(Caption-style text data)
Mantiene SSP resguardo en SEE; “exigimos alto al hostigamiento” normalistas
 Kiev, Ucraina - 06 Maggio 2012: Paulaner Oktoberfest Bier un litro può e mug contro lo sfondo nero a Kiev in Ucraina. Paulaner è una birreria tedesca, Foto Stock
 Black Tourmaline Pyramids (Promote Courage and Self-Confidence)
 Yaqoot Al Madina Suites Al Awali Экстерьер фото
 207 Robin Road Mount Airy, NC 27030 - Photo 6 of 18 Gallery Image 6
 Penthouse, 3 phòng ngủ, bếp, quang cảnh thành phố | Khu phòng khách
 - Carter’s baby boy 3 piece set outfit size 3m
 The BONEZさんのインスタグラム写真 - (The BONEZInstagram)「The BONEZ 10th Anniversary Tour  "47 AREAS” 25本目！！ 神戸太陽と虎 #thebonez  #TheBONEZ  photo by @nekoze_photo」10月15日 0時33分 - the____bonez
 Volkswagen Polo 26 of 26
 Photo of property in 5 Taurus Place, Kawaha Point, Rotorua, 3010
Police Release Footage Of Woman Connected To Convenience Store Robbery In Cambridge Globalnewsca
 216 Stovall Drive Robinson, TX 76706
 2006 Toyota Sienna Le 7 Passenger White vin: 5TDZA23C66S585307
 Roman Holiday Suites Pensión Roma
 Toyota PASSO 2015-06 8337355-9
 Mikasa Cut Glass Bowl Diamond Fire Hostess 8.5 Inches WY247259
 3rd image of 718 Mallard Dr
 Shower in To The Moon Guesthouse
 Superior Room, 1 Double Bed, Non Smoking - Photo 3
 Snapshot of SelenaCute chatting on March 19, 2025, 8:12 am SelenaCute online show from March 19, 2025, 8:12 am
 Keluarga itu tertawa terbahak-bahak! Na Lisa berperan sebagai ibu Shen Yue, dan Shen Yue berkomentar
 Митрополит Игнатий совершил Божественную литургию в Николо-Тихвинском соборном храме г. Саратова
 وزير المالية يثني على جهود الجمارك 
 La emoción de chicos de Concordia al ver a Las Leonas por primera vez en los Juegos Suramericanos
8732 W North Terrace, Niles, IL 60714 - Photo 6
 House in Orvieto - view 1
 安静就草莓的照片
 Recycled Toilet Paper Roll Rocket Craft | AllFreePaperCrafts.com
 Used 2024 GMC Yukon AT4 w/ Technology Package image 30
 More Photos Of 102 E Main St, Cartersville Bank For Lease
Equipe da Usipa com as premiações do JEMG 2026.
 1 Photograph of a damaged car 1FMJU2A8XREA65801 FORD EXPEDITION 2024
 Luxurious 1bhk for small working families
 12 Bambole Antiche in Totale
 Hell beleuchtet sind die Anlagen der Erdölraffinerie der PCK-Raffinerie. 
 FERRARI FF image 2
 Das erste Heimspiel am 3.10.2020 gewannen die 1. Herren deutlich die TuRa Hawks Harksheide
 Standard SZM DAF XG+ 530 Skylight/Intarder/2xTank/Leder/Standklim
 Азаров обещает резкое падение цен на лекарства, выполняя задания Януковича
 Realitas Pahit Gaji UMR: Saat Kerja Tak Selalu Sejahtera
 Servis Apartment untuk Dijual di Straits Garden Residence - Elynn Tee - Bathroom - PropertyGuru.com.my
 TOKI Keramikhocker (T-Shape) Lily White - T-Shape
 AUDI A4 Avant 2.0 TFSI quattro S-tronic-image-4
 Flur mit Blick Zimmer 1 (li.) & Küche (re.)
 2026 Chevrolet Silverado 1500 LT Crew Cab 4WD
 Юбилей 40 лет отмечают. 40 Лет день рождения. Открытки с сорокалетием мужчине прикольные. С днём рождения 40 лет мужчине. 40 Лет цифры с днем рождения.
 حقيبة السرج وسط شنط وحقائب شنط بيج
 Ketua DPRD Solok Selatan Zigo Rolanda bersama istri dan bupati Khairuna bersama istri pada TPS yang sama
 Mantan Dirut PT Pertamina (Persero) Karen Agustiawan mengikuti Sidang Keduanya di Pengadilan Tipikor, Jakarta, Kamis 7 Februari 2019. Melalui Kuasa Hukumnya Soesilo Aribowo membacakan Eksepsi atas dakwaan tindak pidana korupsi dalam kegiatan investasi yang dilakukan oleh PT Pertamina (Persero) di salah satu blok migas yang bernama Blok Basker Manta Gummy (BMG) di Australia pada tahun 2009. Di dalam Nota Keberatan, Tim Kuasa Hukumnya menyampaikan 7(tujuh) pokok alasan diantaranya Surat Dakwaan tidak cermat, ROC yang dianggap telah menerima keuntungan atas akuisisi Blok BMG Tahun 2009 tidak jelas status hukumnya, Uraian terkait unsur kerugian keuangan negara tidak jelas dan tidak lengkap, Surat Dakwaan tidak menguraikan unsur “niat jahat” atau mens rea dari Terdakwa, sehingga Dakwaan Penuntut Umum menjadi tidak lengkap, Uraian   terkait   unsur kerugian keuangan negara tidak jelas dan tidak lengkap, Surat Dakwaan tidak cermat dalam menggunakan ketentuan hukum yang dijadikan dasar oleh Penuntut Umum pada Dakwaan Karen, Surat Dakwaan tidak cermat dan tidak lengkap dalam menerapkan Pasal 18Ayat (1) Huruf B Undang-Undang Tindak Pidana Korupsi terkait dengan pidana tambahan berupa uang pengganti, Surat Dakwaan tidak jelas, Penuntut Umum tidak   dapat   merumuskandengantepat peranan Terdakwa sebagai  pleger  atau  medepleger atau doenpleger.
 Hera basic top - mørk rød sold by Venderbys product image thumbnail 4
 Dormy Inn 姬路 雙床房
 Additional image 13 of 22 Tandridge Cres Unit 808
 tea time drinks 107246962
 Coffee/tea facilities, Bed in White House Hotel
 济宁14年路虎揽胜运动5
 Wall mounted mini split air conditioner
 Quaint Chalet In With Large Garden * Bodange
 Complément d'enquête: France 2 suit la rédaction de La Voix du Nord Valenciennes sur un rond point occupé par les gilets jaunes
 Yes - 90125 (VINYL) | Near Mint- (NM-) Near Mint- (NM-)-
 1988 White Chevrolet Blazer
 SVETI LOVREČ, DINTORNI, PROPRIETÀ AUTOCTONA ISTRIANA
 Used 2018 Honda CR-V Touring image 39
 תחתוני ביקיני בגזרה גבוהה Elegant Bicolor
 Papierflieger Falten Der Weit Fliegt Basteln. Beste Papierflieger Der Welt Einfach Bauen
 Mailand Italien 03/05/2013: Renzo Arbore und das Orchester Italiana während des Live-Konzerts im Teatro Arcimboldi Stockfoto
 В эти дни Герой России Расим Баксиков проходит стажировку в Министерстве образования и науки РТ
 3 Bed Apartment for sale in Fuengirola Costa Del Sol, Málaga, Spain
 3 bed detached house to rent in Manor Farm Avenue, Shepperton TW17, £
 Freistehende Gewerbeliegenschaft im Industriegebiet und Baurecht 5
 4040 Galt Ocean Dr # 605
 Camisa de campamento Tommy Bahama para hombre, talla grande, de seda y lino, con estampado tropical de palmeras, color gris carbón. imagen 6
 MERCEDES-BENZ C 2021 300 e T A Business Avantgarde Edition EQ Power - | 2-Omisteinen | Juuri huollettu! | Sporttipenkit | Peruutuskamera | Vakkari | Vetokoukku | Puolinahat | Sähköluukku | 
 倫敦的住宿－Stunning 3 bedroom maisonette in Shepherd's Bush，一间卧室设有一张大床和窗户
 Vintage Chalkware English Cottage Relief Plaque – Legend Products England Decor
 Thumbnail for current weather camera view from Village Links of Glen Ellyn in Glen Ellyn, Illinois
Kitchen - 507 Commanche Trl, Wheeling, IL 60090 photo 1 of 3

(Exercise directions)
Your answer must be the lines from the first line of the entries above through the line that contains "207 Robin Road", written out exactly.

(Answer section)
Mantiene SSP resguardo en SEE; “exigimos alto al hostigamiento” normalistas
 Kiev, Ucraina - 06 Maggio 2012: Paulaner Oktoberfest Bier un litro può e mug contro lo sfondo nero a Kiev in Ucraina. Paulaner è una birreria tedesca, Foto Stock
 Black Tourmaline Pyramids (Promote Courage and Self-Confidence)
 Yaqoot Al Madina Suites Al Awali Экстерьер фото
 207 Robin Road Mount Airy, NC 27030 - Photo 6 of 18 Gallery Image 6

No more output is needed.